Mell has a map of the region on the wall of his office. Little red dots indicate drill sites where they’ve poked through the Canadian Shield looking for cobalt. He says there’s no question it’s out there. They named the town Cobalt, after all. The question is whether they can prove there’s enough and that it’s concentrated in a way that makes it profitable to dig it up and get it to market.
He says the drill results are encouraging.
“A lot of smoke, as they say. Now we have to find fire.”
Mell knows the clock is ticking. The smartphone you have in your pocket likely has a few grams of cobalt in its battery. But pounds of the stuff are needed for an electric car. And with electric car sales soaring, demand for cobalt has spiked as well.
“As an industry, and as a cobalt explorer, we’re playing catch-up,” Mell says. “You and I can decide tomorrow to go out and buy an electric vehicle. But as miners we can’t respond quickly enough.”
That potential shortage has driven up the price of cobalt. It was the best performing commodity in 2017. That means more money for exploration, and more companies competing to see if they can strike it rich.
So, First Cobalt is drilling 24 hours a day, seven days a week. They’ve searched through the old mines and have plotted a grid on Mell’s map where they hope to find something where the first generation of miners didn’t bother to look.

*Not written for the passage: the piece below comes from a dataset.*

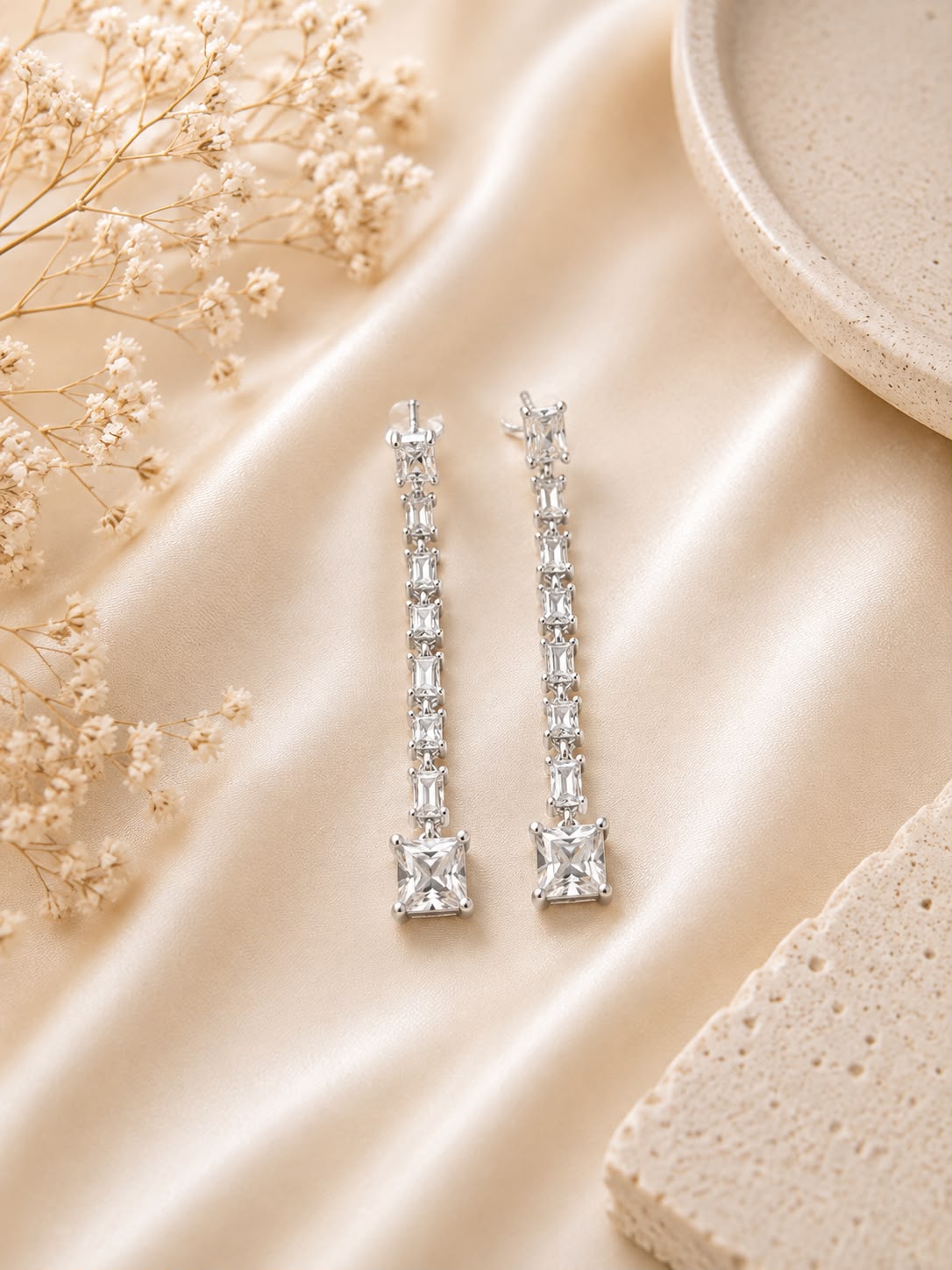 Silver Crystal Chain Drop Earrings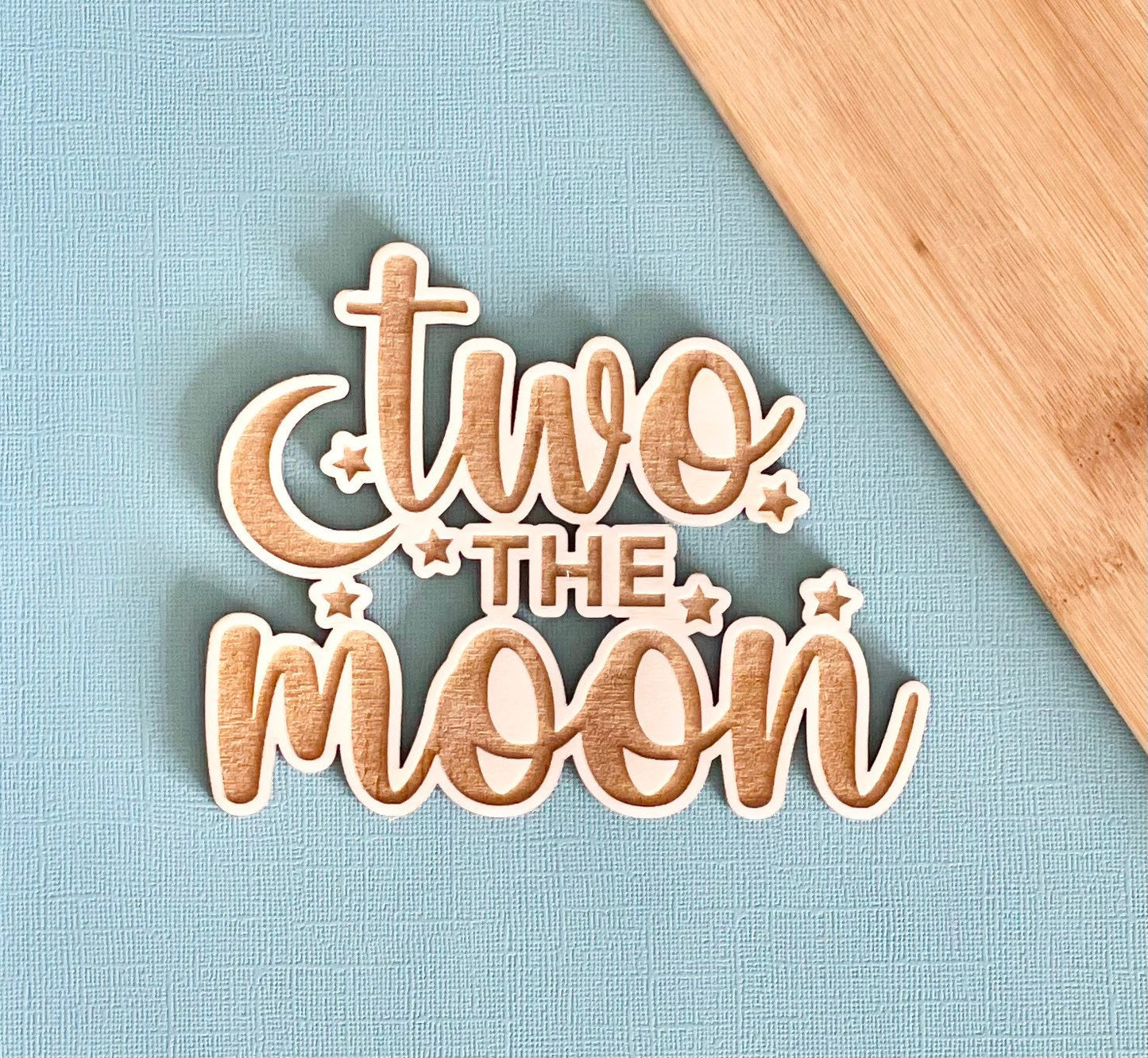 Two The Moon cake topper charm set.  Moon charm. Star charm. Wooden cakes topper set.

The drill rig is hauled into a muddy opening. The crew performs like clockwork, feeding the drill bit into a hole, drilling down and pulling up core samples for testing. These core samples are pored over on site, sent back to town where they’re cut up, and pieces are sent off to the lab. A new one is hauled out every 20 minutes or so.
First Cobalt’s vice-president, Frank Santaguida, pulls one dark piece of rock out of the tray. He reads the chunks of minerals like a coded language, looking for a sign. This one comes up empty, but each sample fills out the picture. Each piece tells him something about the search.
And while miners are a skeptical lot, prospectors live on hope.
“It may be in the next drill hole,” he says.
Everyone in this region knows there’s cobalt here, but its mere presence isn’t enough. Opening a mine would cost hundreds of millions of dollars. So, there has to be just the right amount, in just the right concentration that would allow someone to come in and carve out a profit.
If the retired miners are skeptical by nature, the prospectors are the optimists, the enthusiastic believers that Cobalt can rise again. But for now, even as they dig through these hills, even as they see thick veins of cobalt running through old mines, they can only say “maybe” when asked if it will be enough.